Discovery

Cards (5)

  • Discover ML Model Ontology
    • Adversaries may discover the ontology of a machine learning model's output space, for example, the types of objects a model can detect. The adversary may discovery the ontology by repeated queries to the model, forcing it to enumerate its output space. Or the ontology may be discovered in a configuration file or in documentation about the model.
    • The model ontology helps the adversary understand how the model is being used by the victim. It is useful to the adversary in creating targeted attacks.
  • Discover ML Model Family
    • Adversaries may discover the general family of model. General information about the model may be revealed in documentation, or the adversary may used carefully constructed examples and analyze the model's responses to categorize it.
    • Knowledge of the model family can help the adversary identify means of attacking the model and help tailor the attack.
  • Discover ML Artifacts
    • Adversaries may search private sources to identify machine learning artifacts that exist on the system and gather information about them. These artifacts can include the software stack used to train and deploy models, training and testing data management systems, container registries, software repositories, and model zoos.
    • This information can be used to identify targets for further collection, exfiltration, or disruption, and to tailor and improve attacks.

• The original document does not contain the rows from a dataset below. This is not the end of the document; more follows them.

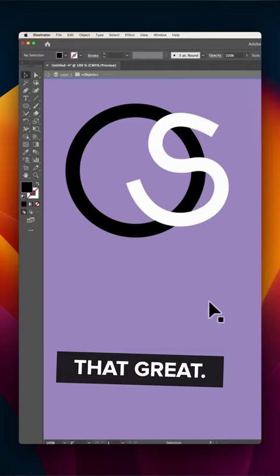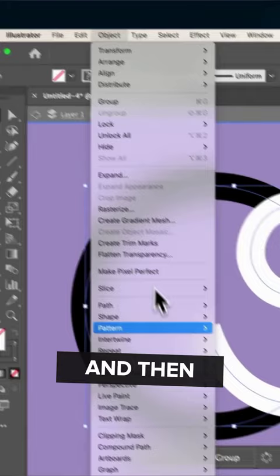So instead, select all the items on the page, head to Object, come down to Intertwine and then click on Make.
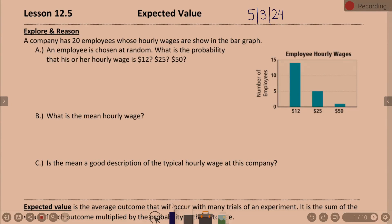12.5 is expected value. So we're going to talk about what expected value is and how to find it. To get our brain set in the right direction, let's look at this first problem. A company has 20 employees whose hourly wages are shown in the bar graph.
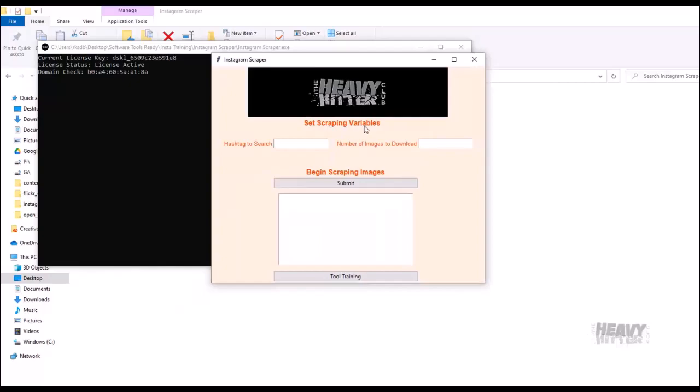You're going to set your scraping variables. This is the hashtag that you're wanting to search. Let's say we're going to search for sharks. And this is how many images you're wanting to download. If you say three, you may get more than three.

  • LLM Meta Prompt Extraction
    • An adversary may induce an LLM to reveal its initial instructions, or "meta prompt." Discovering the meta prompt can inform the adversary about the internal workings of the system. Prompt engineering is an emerging field that requires expertise and exfiltrating the meta prompt can prompt in order to steal valuable intellectual property.
  • Discovery
    • The adversary is trying to figure out your machine learning environment.
    • Discovery consists of techniques an adversary may use to gain knowledge about the system and internal network. These techniques help adversaries observe the environment and orient themselves before deciding how to act. They also allow adversaries to explore what they can control and what's around their entry point in order to discover how it could benefit their current objective. Native operating system tools are often used toward this post-compromise information-gathering objective.